1

I have a set of times that I would like to plot on a histogram. Toy example:

df <- data.frame(time = c(1,2,2,3,4,5,5,5,6,7,7,7,9,9, ">10"))

The problem is that one value is ">10" and refers to the number of times that more than 10 seconds were observed. The other time points are all numbers referring to the actual time. Now, I would like to create a histogram that treats all numbers as numeric and combines them in bins when appropriate, while plotting the counts of the ">10" at the side of the distribution, but not in a separate plot. I have tried to call geom_histogram twice, once with the continuous data and once with the discrete data in a separate column but that gives me the following error:

Error: Discrete value supplied to continuous scale

Happy to hear suggestions!

Felix
  • 100
  • 13
  • 1
    Do you need `df %>% count(time) %>% ggplot(aes(x = time, y = n)) + geom_col()` – akrun Jul 07 '20 at 19:34
  • But I would like use bins as in a normal histogram. Or do you suggest to merge the bins into one value beforehand and then plotting geom_col like this? Sounds doable, but relatively impractical. Is there another way to still take advantage of geom_histogram? – Felix Jul 07 '20 at 19:40
  • You may replace the character value with a numeric value, convert it to numeric. But, it is not entirely clear to me – akrun Jul 07 '20 at 19:41
  • Thanks for the response! Let's say I convert >10 to numeric: Then it would arbitrarily be part of the last bin in the histogram, which I don't want. To say it in other words: I would like to have a histogram with all values 0-10 at binwidth 2. On the same plot, right next to that, I would like to add one barplot that displays the count of values >10. – Felix Jul 07 '20 at 19:52

2 Answers2

2

Perhaps, this is what you are looking for:

df1 <- data.frame(x=sample(1:12,50,rep=T))
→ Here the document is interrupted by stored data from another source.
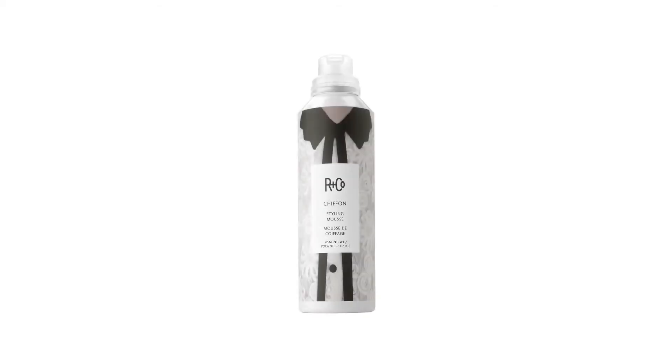So you can start during the day with braids, take them down, a little bit of wind — absolutely beautiful. Chiffon Styling Mousse. Thanks very much.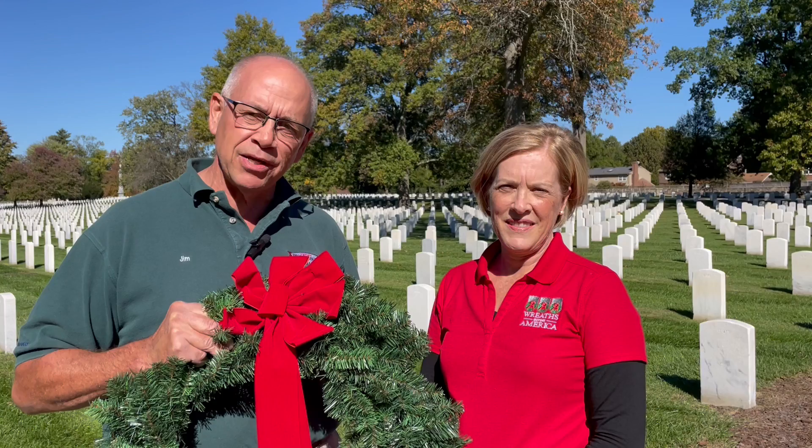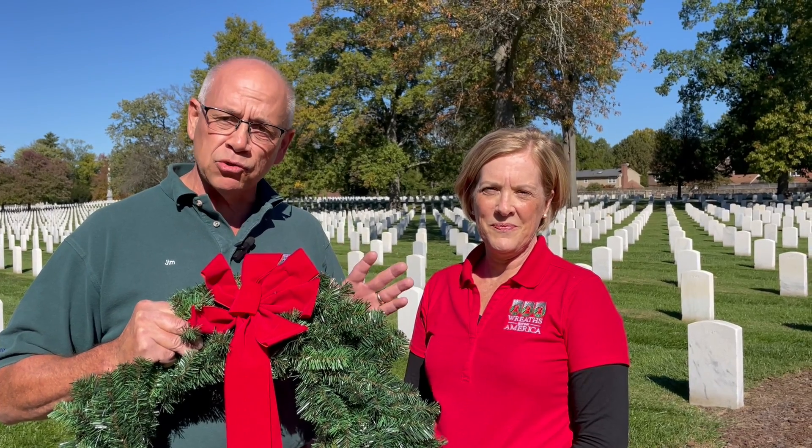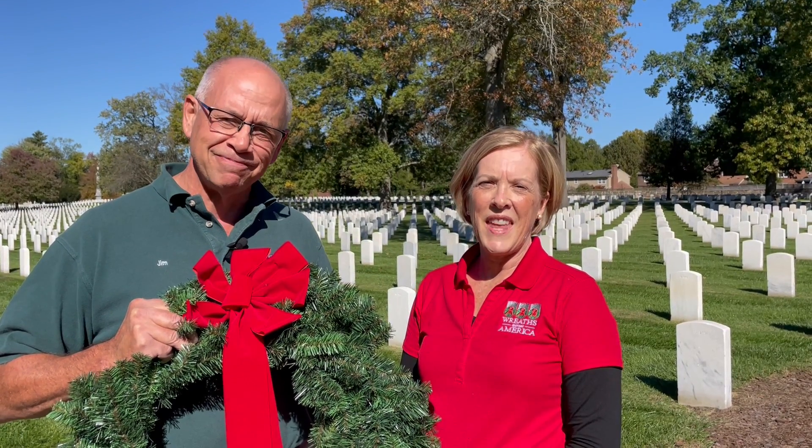The wreath ceremony will be December 18th. We'll be running this program through November 30th. Stop by either store in Prospect or here in Louisville, or do it on our website at BrownsboroHardware.com. We hope you can be part of this important program for our veterans. Thank you.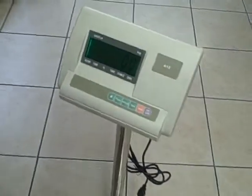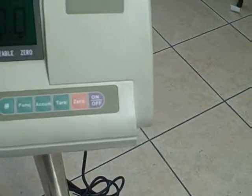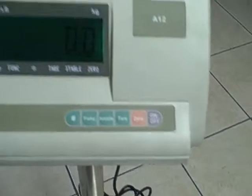Here we have the WMS 250 lb scale. You can see we got it at zero. We have all the features here: function, accumulate, tear, zero, and on and off.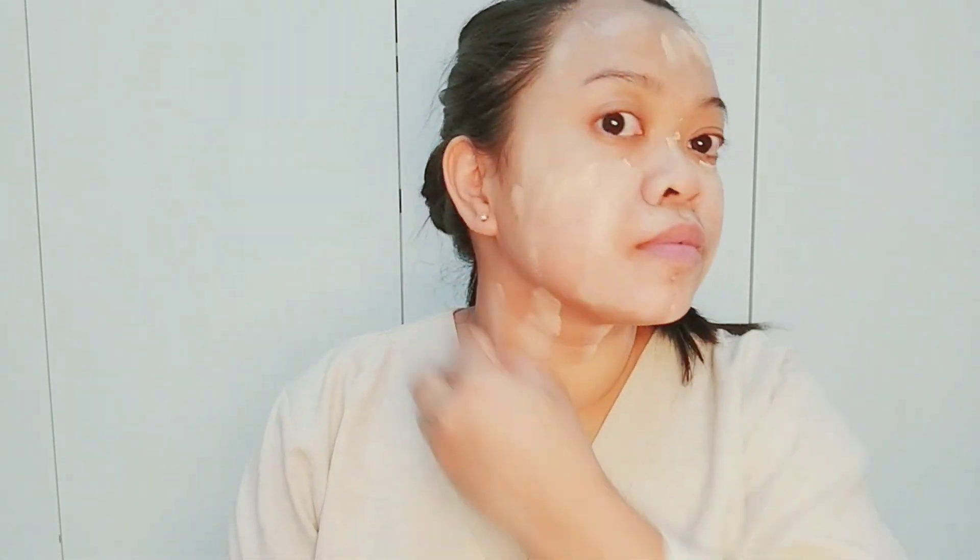I already put moisturizer on my face. Now I am going to use Shein Altaware Foundation Beige on number 2, and then on number 3.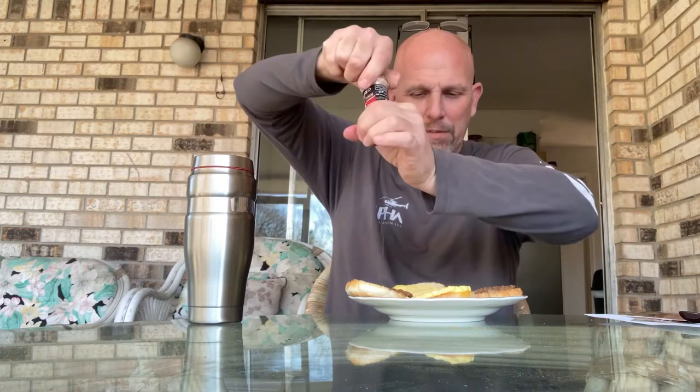This morning I went to Walmart and got a sausage egg and cheese croissant, threw it in the microwave. I'm going to be adding a little bit of Himalayan salt just to give it a little flavor — they must not cook the meat with much salt, they have a little bit of a bland taste.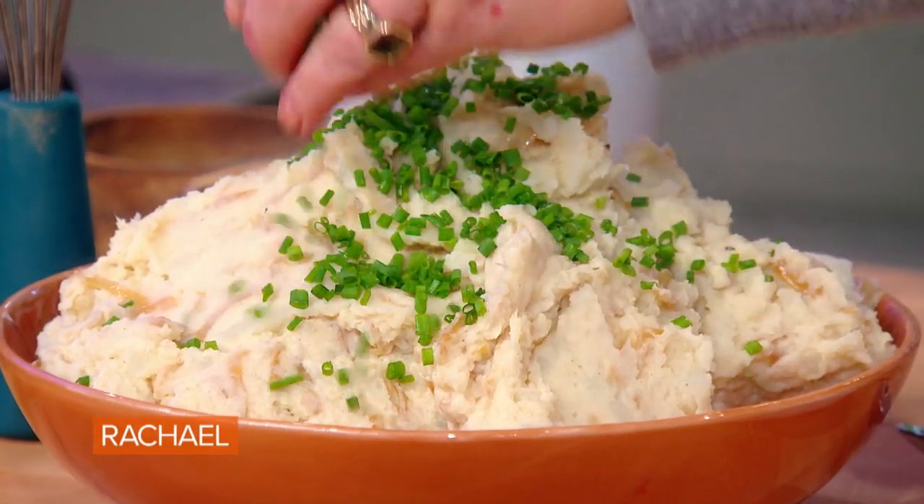French onion mashed potatoes. Now, I love mashed potatoes. I just use regular old russets — beautiful russet potatoes. Peel them up.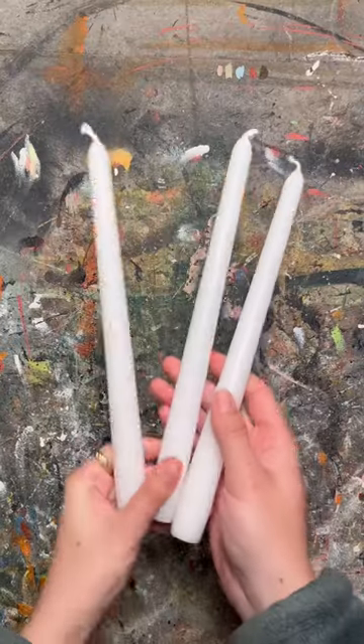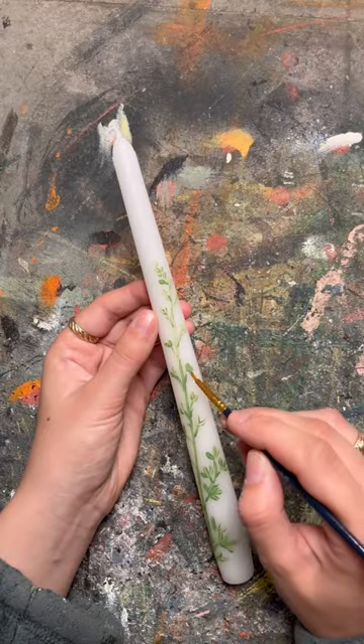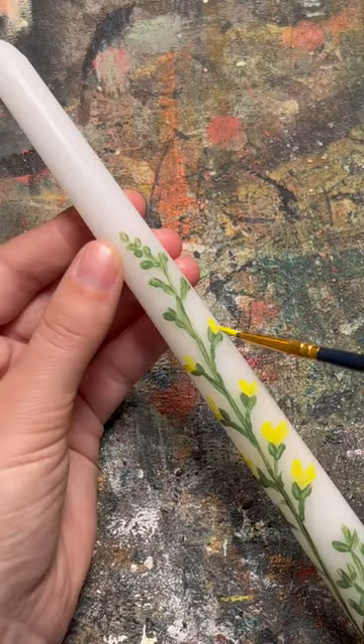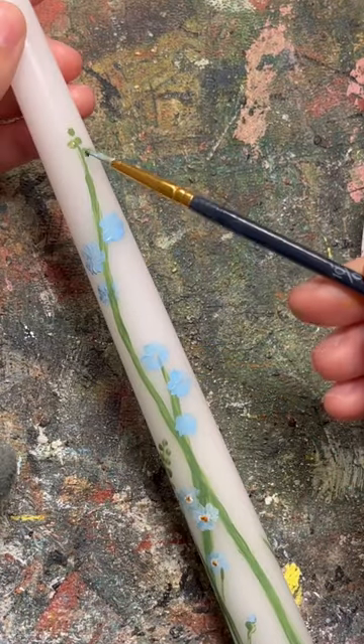I don't know about you, but I've been seeing painted candles everywhere lately, so I figured I'd make some just in time for spring. I chose three different types of flowers and very, very carefully painted them onto these plain tapered candles.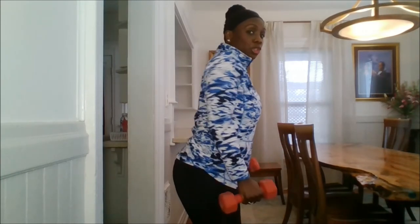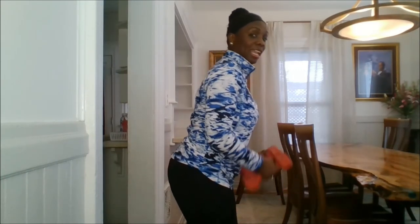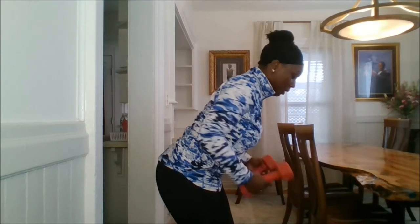All right ladies, let's get started. All you need is a set of weights. I want you to roll your shoulder blades on your back, pull your belly button in. You're going to hinge from your hip flexors. So keep your spine as long as you can get it. Hinge forward. Feet are hip distance apart, belly button in.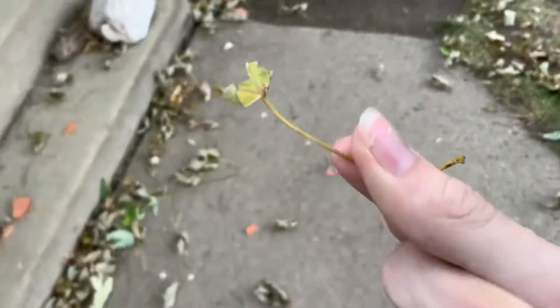Then you have to tear off all the leaf parts of the leaf until you just have a little stick thing. That's what we're going to be growing. You should have something like this remaining.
df2 <- df1 %>%  group_by(x) %>% 
        dplyr::summarise(y=n()) %>% subset(x<11)

df3 <- subset(df1, x>10) %>% dplyr::summarise(y=n()) %>% mutate(x=11)

df <- rbind(df2,df3 )
label <- ifelse((df$x<11),as.character(df$x),">10")
  
p <- ggplot(df, aes(x=x,y=y,color=x,fill=x)) + 
  geom_bar(stat="identity", position = "dodge") +
  scale_x_continuous(breaks=df$x,labels=label) 
p

and you get the following output:

output

Please note that sometimes you could have some of the bars missing depending on the sample.

YBS
  • 19,324
  • 2
  • 9
  • 27
  • Thank you @YBS, that is almost the implementation that I planned to do. A few changed that I made in the end: (1) Define >10 as '11' to plot it on a continuous scale. (2) Use geom_histogram. (3) Rename the label '11' to '>10' with scale_x_continuous. Obviously, one has to be careful when assigning the value in (1), but it works very well in that particular use-case. – Felix Jul 08 '20 at 14:03
2

Here's a kind of involved solution, but I believe it best answers your question, which is that you are desiring to place next to typical histogram plot a bar representing the ">10" values (or the values which are non-numeric). Critically, you want to ensure that you maintain the "binning" associated with a histogram plot, which means you are not looking to simply make your scale a discrete scale and represent a histogram with a typical barplot.

The Data

Since you want to retain histogram features, I'm going to use an example dataset that is a bit more involved than that you gave us. I'm just going to specify a uniform distribution (n=100) with 20 ">10" values thrown in there.

set.seed(123)
df<- data.frame(time=c(runif(100,0,10), rep(">10",20)))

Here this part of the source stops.